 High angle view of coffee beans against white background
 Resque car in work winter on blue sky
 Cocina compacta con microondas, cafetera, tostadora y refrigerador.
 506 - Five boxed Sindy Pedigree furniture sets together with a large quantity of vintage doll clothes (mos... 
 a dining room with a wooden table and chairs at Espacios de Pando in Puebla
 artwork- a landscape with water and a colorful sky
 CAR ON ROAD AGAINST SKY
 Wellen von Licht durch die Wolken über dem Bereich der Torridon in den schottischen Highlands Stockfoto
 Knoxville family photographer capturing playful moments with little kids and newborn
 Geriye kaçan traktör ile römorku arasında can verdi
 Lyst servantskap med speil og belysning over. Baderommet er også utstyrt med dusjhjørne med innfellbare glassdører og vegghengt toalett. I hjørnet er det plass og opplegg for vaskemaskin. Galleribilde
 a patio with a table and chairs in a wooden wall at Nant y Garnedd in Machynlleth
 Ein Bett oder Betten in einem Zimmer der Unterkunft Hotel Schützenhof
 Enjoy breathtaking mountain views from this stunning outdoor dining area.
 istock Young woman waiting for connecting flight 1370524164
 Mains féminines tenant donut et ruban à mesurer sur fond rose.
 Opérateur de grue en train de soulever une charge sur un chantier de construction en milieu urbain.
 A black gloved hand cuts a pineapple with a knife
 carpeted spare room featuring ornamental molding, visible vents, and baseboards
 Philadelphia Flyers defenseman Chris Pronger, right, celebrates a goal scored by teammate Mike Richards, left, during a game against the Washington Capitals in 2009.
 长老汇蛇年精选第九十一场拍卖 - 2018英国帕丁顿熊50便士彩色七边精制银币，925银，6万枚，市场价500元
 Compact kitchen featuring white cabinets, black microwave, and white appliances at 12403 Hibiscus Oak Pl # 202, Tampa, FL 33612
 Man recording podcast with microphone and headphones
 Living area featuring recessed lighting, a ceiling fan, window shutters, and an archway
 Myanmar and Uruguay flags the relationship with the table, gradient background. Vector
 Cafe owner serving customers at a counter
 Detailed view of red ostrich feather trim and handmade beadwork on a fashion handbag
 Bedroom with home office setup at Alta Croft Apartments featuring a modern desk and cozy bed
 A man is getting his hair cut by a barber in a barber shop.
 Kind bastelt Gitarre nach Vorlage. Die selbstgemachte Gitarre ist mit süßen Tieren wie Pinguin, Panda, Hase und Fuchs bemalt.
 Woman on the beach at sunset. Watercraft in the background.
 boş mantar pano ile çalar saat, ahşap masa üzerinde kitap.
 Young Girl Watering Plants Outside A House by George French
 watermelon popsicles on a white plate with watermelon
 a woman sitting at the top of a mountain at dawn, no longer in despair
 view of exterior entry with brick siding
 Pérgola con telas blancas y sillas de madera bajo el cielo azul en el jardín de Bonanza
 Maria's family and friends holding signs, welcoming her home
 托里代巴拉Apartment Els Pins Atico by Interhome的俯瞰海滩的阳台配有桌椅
__________________________________________________
■ Activity
Would you print, exactly as written, every line above from the one holding "a patio with" through the one holding "Opérateur de grue", with both included and no other lines?

■ Task result
 a patio with a table and chairs in a wooden wall at Nant y Garnedd in Machynlleth
 Ein Bett oder Betten in einem Zimmer der Unterkunft Hotel Schützenhof
 Enjoy breathtaking mountain views from this stunning outdoor dining area.
 istock Young woman waiting for connecting flight 1370524164
 Mains féminines tenant donut et ruban à mesurer sur fond rose.
 Opérateur de grue en train de soulever une charge sur un chantier de construction en milieu urbain.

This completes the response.